AJR 30:     Proposes to amend Nevada constitution to require that certain proceedings of commission on judicial discipline be open and public.

 

Chairman Williams recognized Chief Justice Bob Rose, Nevada Supreme Court, who spoke for himself because the Court had not been polled for their position, as a proponent of AJR 30.  Chief Justice Rose felt adding the additional ground of reprimanding a judicial officer and stating in the constitution that after probable cause determination was made, all proceedings would be open and public was a positive move for the judiciary and the public.  He explained it was stated in general terms in the adopted rules, but putting it in the constitution and making it unequivocal should be done.  He had no reservations about making all matters public once a probable cause determination had been made.

 

Mrs. Evans asked Chief Justice Rose for his definition of reprimand and how it differed from censure.

 

Responding to Mrs. Evans' inquiry, Chief Justice Rose declared beyond the degree of reproach he did not know.  The court had not defined the rules, he stated, and reprimand and censure were given their common and ordinary meaning.  Censure was a stronger word and addressed more reprehensible conduct than reprimand, but the words to some degree overlapped.

 

When Mrs. Evans asked what censure entailed, Chief Justice Rose stated censure was a public statement that the Board formally censured someone.  A public letter of reprimand would be a softer rebuke.  Censure had a connotation of serious wrong-doing. 

 

Mrs. Evans emphasized a public statement meant censure would not be a private hearing and the public would know, and Chief Justice Rose confirmed her statement.

 

A letter from the Nevada Commission on Judicial Discipline in support of AJR 30 was brought to the attention of the committee by Chairman Williams. 

 

Mrs. Williams conveyed her understanding the censure of someone could be public but not the reasons for censure.  She added hearings had not been open.  According to AJR 30, upon finding of probable cause, hearings and subject matter would be open to the public, and Mrs. Williams asked Chief Justice Rose if this was unlike what had happened in the past.  Chief Justice Rose replied he did not know.

 

Ms. Ande Engleman, Nevada Press Association, testified in support of AJR 30.  Mr.
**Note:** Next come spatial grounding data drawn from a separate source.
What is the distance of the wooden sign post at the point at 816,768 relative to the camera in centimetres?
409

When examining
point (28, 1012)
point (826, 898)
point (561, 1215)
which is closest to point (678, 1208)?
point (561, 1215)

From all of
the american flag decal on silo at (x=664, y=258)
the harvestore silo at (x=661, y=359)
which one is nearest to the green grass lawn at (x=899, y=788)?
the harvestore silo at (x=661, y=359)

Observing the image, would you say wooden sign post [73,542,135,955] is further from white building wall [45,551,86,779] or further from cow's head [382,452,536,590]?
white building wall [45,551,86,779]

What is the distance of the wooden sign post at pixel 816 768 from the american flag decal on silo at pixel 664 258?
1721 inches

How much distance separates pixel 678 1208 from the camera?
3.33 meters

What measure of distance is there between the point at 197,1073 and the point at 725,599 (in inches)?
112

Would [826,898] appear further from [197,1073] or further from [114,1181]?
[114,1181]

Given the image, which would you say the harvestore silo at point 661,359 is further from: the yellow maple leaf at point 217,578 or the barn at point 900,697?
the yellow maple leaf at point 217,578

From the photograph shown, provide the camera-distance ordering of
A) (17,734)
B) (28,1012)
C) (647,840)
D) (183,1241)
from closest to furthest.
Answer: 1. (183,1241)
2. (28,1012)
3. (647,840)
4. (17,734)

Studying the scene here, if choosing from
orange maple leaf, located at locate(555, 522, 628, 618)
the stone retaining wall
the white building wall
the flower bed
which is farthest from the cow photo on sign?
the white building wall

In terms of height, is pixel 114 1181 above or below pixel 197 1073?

Dennis Myers, Society for Professional Journalists, could not attend the meeting, she stated, and at the time the Judicial Commission was created and language was enacted, the press objected to the court being allowed to make rules governing the opening.  At that time, the court and someone who represented the judicial commission promised everyone all meetings would be open and they would make such rules providing for open meetings.

 

Ms. Engleman continued her testimony and proclaimed, according to Mr. Myers, only three or four meetings had been open over the years.  While Nevada Press Association supported AJR 30, their concern was from experience with the commission, once the commission had made determination to reprimand or censure someone, there would be no further meetings and no further actions taken to be opened up.  AJR 30 specified it would be open after the commission had made the determination to do so.

 

Mrs. Williams corrected and said the commission had only made the determination for probable cause to continue on to find out whether or not the commission should reprimand.

 

Ms. Engleman asked if the intent was the final hearing where determination was made would be open and public.

 

Responding to Ms. Engleman, Mrs. Williams felt that was a fair thing to do as people made allegations, and probable cause would have to be ascertained before it could be open to the public.

 

Ms. Engleman recanted a situation which had occurred during last election wherein candidates had filed complaints with the Judicial Commission who would not confirm or deny this information with the press.  In the same situation, the candidates had each informed the press they would agree to have the hearings open in the Judicial Commission if their cases came up prior to the election.  However, the Commission said the Commission rules would not allow for those hearings to be open even though the participants wanted them open.

 

Mrs. Williams expressed her hope AJR 30 would take care of that type of situation.

 

Ms. Heather Shaffer, Legislative Intern, Sixty-seventh Session, and Student, University of Nevada Reno, began her presentation reading from prepared text in support of AJR 30 (Exhibit C).

 

Referencing Ms. Shaffer's testimony, Mrs. Lambert asked for her thoughts on amendments for AJR 30.  Ms. Shaffer was not sure if her concerns would be appropriate for a resolution which would amend the constitution, and pointed out the complainant was not notified when a complaint was in process, and, if disciplinary measures occurred behind closed doors, a complainant might never know what happened.  Ms. Shaffer expanded her explanation stating the general public did not turn in complaints because they either did not know about the Commission or if they did know, they did not believe anything occurred because they never heard back, therefore, the general public never felt a sense of justice. 

 

Mrs. Lambert asked Ms. Shaffer if she thought the new language

would require the results to be open.  Ms. Shaffer replied only if they continued in the way in which they had up to this point.  She referenced the chart in Exhibit C which showed 24 reprimands which included private and informal contact with jurists which meant the reprimand did not result in censure, removal or retirement.  If something did occur and they felt it was necessary to reprimand the judge, they did not tell the complainant and it never became public.  Therefore, a statement of probable cause was never filed because if it had been filed, then Nevada Supreme Court rules would have stepped in and said everything beyond this point (meaning the reprimand which was to occur) would have had to be open and public.

 

Mrs. Lambert confirmed the constitutional amendment would have no effect on opening up the process.

 

Ms. Schaffer conveyed it would not have an effect on the reprimands, but it would have an effect on the censure and the removal.  Ms. Schaffer declared disciplinary action was supposed to be open because any disciplinary action required the Attorney General's office file a formal statement of charges after which confidentiality ceased.  The reprimands occurred even though reprimand was not provided under the rules, and it was not becoming public, she expounded.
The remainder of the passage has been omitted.